Whitt's End: Misunderstanding Dak's '$45M' & Cowboys Best-Ever Ballers

Whitt's End: Let's Quit Misunderstanding Dak Prescott's Supposed' '$45 Million Demand,' The Dallas Cowboys Best-Ever Ballers & My DFW Sports Notebook

Whether you’re at the end of your coffee, your day, your week or even your rope, welcome to Whitt’s End 5.22.20 …

*Dak Prescott will win the wage war, but he’s losing the public relations battle. The screaming headline this week was “Dak wants $45 million a year!”. The Dallas Cowboys’ quarterback’s contraction negotiations are, of course, a tad trickier. But as we’ve learned recently – masks vs. no masks, for example – we no longer do nuance.

So … “Dak’s greedy!” is the growing, albeit shallow sentiment.

The $45 million Dak “wants” seems to be merely his counter to the Cowboys wanting to lock him into a five-year deal. ... and you'll note in Fish's coverage (Fish is the one who broke the story weeks ago of the "five years x $35 mil APY = $175 mil'' offer) that he characterizes the "$45 mil fifth year'' as a "rumor.''

A false one.

Anyway ... This deal will get done, but only then will Dak’s image reconstruction begin. He’ll get a smattering of boos during the preseason. No way around it: Regardless of context, the appearance that he's asking for $45 million (in any form) in the middle of a pandemic that is prompting record unemployment and countless shuttered businesses is horrible optics.

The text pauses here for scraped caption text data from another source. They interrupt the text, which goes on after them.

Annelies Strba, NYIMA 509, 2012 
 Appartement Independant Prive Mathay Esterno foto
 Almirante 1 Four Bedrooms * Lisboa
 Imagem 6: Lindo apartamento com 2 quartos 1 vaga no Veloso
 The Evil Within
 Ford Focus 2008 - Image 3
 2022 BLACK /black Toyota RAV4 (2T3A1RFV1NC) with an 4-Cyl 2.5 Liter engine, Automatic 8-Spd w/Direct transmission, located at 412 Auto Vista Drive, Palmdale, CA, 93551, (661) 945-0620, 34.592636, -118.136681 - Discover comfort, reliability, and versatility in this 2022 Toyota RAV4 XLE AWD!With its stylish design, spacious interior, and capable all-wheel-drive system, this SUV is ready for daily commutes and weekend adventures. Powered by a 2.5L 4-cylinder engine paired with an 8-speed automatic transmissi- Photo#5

*Dirk Nowitzki was a better leader than Michael Jordan. I know. I know. No arguing Jordan was a far superior winner – six titles beats one, duh. But The Last Dance documentary reminded us that His Airness could be an a-hole of the loftiest proportions.

He picked on teammates (Scott Burrell). He punched teammates (diminutive Steve Kerr, not burly Charles Oakley). He quit on teammates (baseball).

In 21 seasons with the Dallas Mavericks, Dirk never squabbled with teammates or coaches (outside of urging Lamar Odom to at least try). Never had an off-court hiccup (outside of one sour romance). Never did anything that wasn’t geared toward helping his teammates. With his “hometown discounts” in contract negotiations, he sacrificed potentially $200 million in salary – including $16 million in 2016 alone – so he could have better teammates.

Jordan proved a mean streak can help finish first. Dirk proved nice guys don’t always finish last.

*Day 72 without sports … Ah, Memorial Day, a time to celebrate the dawn of summer with a visit to the lake, grilling assorted meats and washing them down with … a seven-mile run, 300 pushups, 300 squats and 300 pullups?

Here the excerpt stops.